● TO DO
Print exactly the line that contains "2026 Summer Vacation" along with every line beneath it to the end of the records below, and omit pictures.

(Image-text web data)
»»

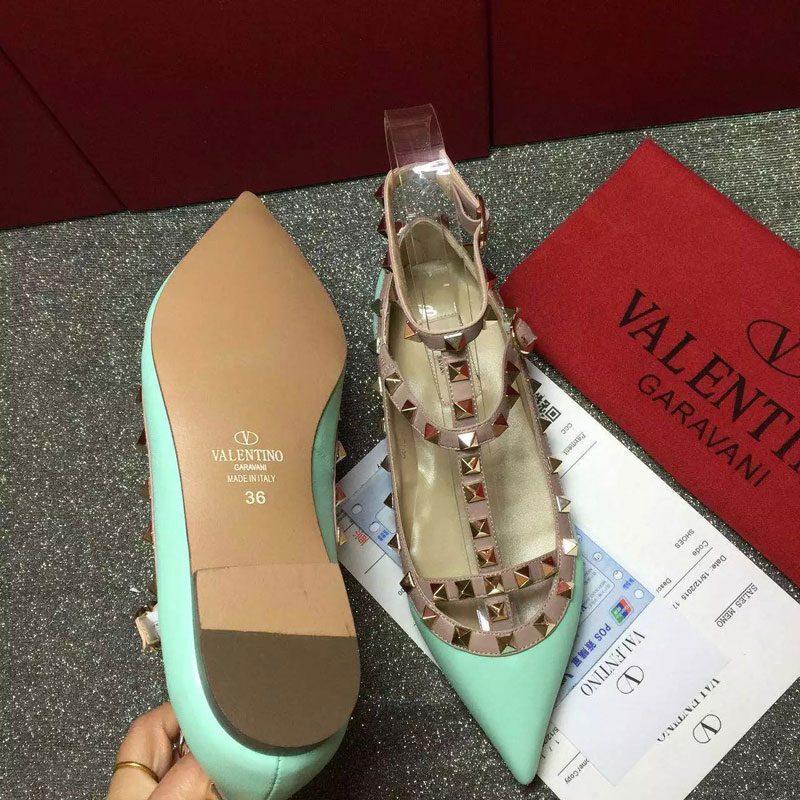 2016 Valentino women Flat shoes in sheepskin leather with Rivet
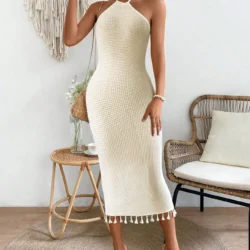 2026 Summer Vacation Style Tassel Dress Women Halter Tie Backless Slip Dress…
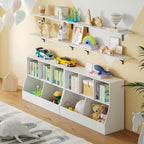 DINZI LVJ Toy Storage Organizer, Kids Bookshelf, Wood Toy Storage Cabinet, 5 Cubby Children Bookcase, 43.3" L Toddler Book Shelf for Playroom, Living Room, Nursery, Hallway, Classroom, White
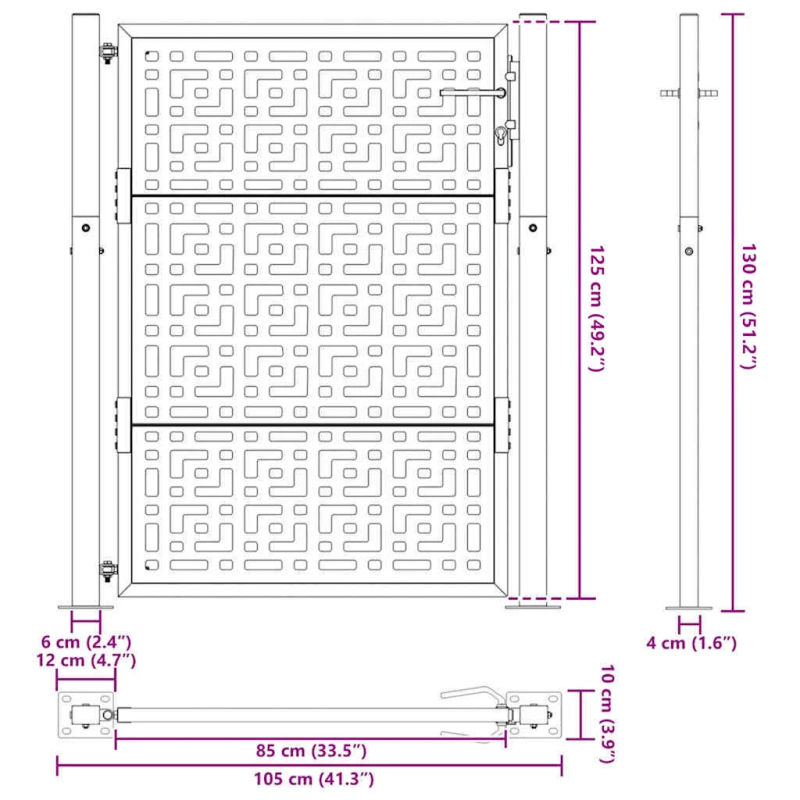 vidaXL dārza vārti, melni, 100x125 cm, tērauds, krusta dizains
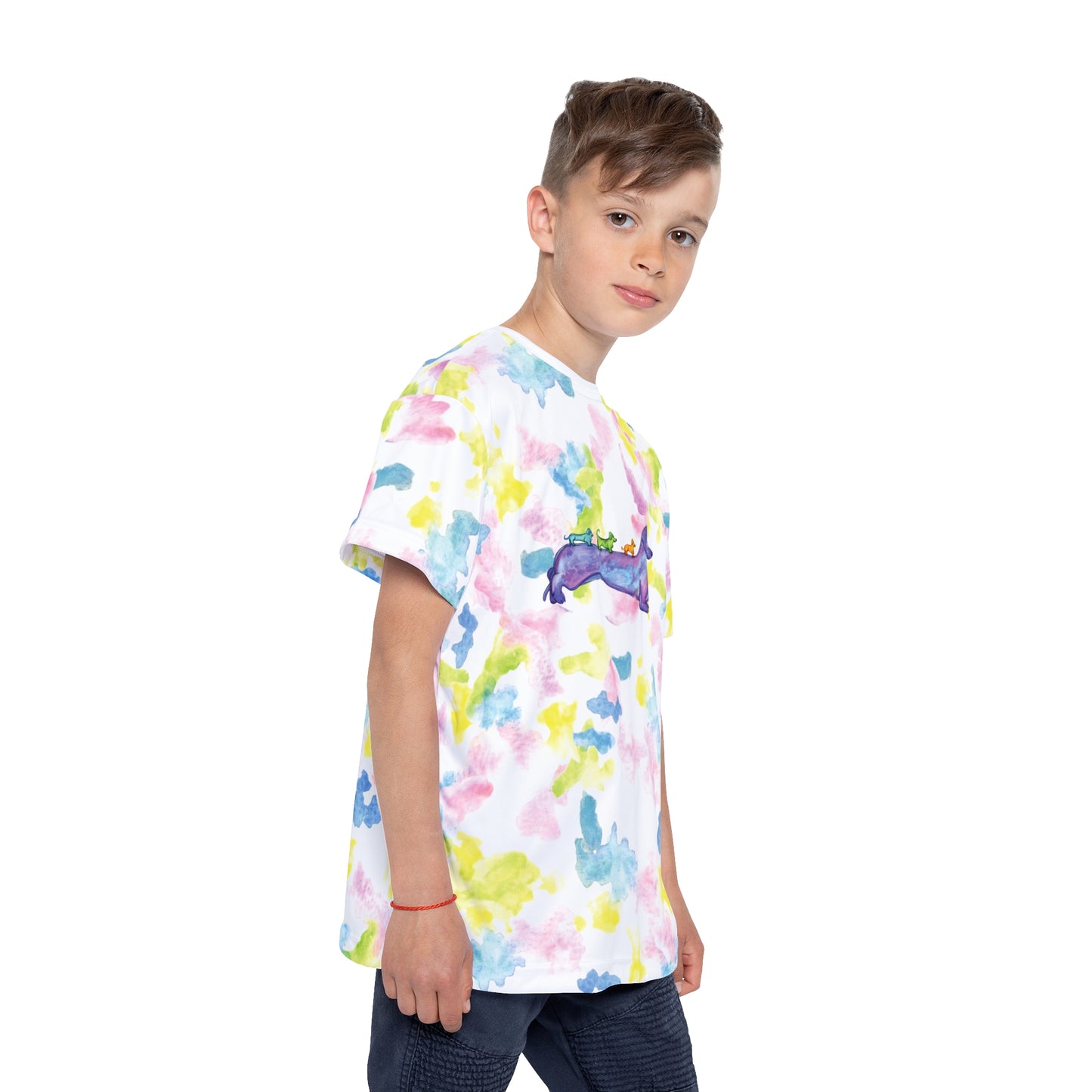 Kids Jersey — Watercolor Tie-Dye Dachshund Crew with 'Good Vibes'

««

● ANSWER TO THE PROBLEM
 2026 Summer Vacation Style Tassel Dress Women Halter Tie Backless Slip Dress…
 DINZI LVJ Toy Storage Organizer, Kids Bookshelf, Wood Toy Storage Cabinet, 5 Cubby Children Bookcase, 43.3" L Toddler Book Shelf for Playroom, Living Room, Nursery, Hallway, Classroom, White
 vidaXL dārza vārti, melni, 100x125 cm, tērauds, krusta dizains
 Kids Jersey — Watercolor Tie-Dye Dachshund Crew with 'Good Vibes'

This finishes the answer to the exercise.